A simple alternative: meshgrid + dstack
The currently accepted answer uses tile and repeat to broadcast two arrays together. But the meshgrid function does practically the same thing. Here's the output of tile and repeat before being passed to transpose:
In [1]: import numpy
In [2]: x = numpy.array([1,2,3])
...: y = numpy.array([4,5])
...:
In [3]: [numpy.tile(x, len(y)), numpy.repeat(y, len(x))]
Out[3]: [array([1, 2, 3, 1, 2, 3]), array([4, 4, 4, 5, 5, 5])]
And here's the output of meshgrid:
In [4]: numpy.meshgrid(x, y)
Out[4]:
[array([[1, 2, 3],
[1, 2, 3]]), array([[4, 4, 4],
[5, 5, 5]])]
As you can see, it's almost identical. We need only reshape the result to get exactly the same result.
In [5]: xt, xr = numpy.meshgrid(x, y)
...: [xt.ravel(), xr.ravel()]
Out[5]: [array([1, 2, 3, 1, 2, 3]), array([4, 4, 4, 5, 5, 5])]
Rather than reshaping at this point, though, we could pass the output of meshgrid to dstack and reshape afterwards, which saves some work:
In [6]: numpy.dstack(numpy.meshgrid(x, y)).reshape(-1, 2)
Out[6]:
array([[1, 4],
[2, 4],
[3, 4],
[1, 5],
[2, 5],
[3, 5]])
Contrary to the claim in this comment, I've seen no evidence that different inputs will produce differently shaped outputs, and as the above demonstrates, they do very similar things, so it would be quite strange if they did. Please let me know if you find a counterexample.
Testing meshgrid + dstack vs. repeat + transpose
The relative performance of these two approaches has changed over time. In an earlier version of Python (2.7), the result using meshgrid + dstack was noticeably faster for small inputs. (Note that these tests are from an old version of this answer.) Definitions:
>>> def repeat_product(x, y):
... return numpy.transpose([numpy.tile(x, len(y)),
numpy.repeat(y, len(x))])
...
>>> def dstack_product(x, y):
... return numpy.dstack(numpy.meshgrid(x, y)).reshape(-1, 2)
...
For moderately-sized input, I saw a significant speedup.

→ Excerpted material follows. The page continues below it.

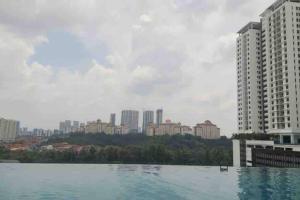 Πισίνα στο ή κοντά στο EIGHT Kinrara Puchong 3R2B 8Pax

But I retried these tests with more recent versions of Python (3.6.1) and numpy (1.12.1), on a newer machine. The two approaches are almost identical now.
Old Test
>>> x, y = numpy.arange(500), numpy.arange(500)
>>> %timeit repeat_product(x, y)
10 loops, best of 3: 62 ms per loop
>>> %timeit dstack_product(x, y)
100 loops, best of 3: 12.2 ms per loop
New Test
In [7]: x, y = numpy.arange(500), numpy.arange(500)
In [8]: %timeit repeat_product(x, y)
1.32 ms ± 24.7 µs per loop (mean ± std. dev. of 7 runs, 1000 loops each)
In [9]: %timeit dstack_product(x, y)
1.26 ms ± 8.47 µs per loop (mean ± std. dev. of 7 runs, 1000 loops each)
As always, YMMV, but this suggests that in recent versions of Python and numpy, these are interchangeable.
Generalized product functions
In general, we might expect that using built-in functions will be faster for small inputs, while for large inputs, a purpose-built function might be faster. Furthermore for a generalized n-dimensional product, tile and repeat won't help, because they don't have clear higher-dimensional analogues. So it's worth investigating the behavior of purpose-built functions as well.
Most of the relevant tests appear at the beginning of this answer, but here are a few of the tests performed on earlier versions of Python and numpy for comparison.
The cartesian function defined in another answer used to perform pretty well for larger inputs. (It's the same as the function called cartesian_product_recursive above.) In order to compare cartesian to dstack_prodct, we use just two dimensions.
Here again, the old test showed a significant difference, while the new test shows almost none.
Old Test
>>> x, y = numpy.arange(1000), numpy.arange(1000)
>>> %timeit cartesian([x, y])
10 loops, best of 3: 25.4 ms per loop
>>> %timeit dstack_product(x, y)
10 loops, best of 3: 66.6 ms per loop
New Test
In [10]: x, y = numpy.arange(1000), numpy.arange(1000)
In [11]: %timeit cartesian([x, y])
12.1 ms ± 199 µs per loop (mean ± std. dev. of 7 runs, 100 loops each)
In [12]: %timeit dstack_product(x, y)
12.7 ms ± 334 µs per loop (mean ± std. dev. of 7 runs, 100 loops each)
As before, dstack_product still beats cartesian at smaller scales.
New Test (redundant old test not shown)
In [13]: x, y = numpy.arange(100), numpy.arange(100)
In [14]: %timeit cartesian([x, y])
215 µs ± 4.75 µs per loop (mean ± std. dev. of 7 runs, 1000 loops each)
In [15]: %timeit dstack_product(x, y)
65.7 µs ± 1.15 µs per loop (mean ± std. dev. of 7 runs, 10000 loops each)
These distinctions are, I think, interesting and worth recording; but they are academic in the end. As the tests at the beginning of this answer showed, all of these versions are almost always slower than cartesian_product, defined at the very beginning of this answer -- which is itself a bit slower than the fastest implementations among the answers to this question.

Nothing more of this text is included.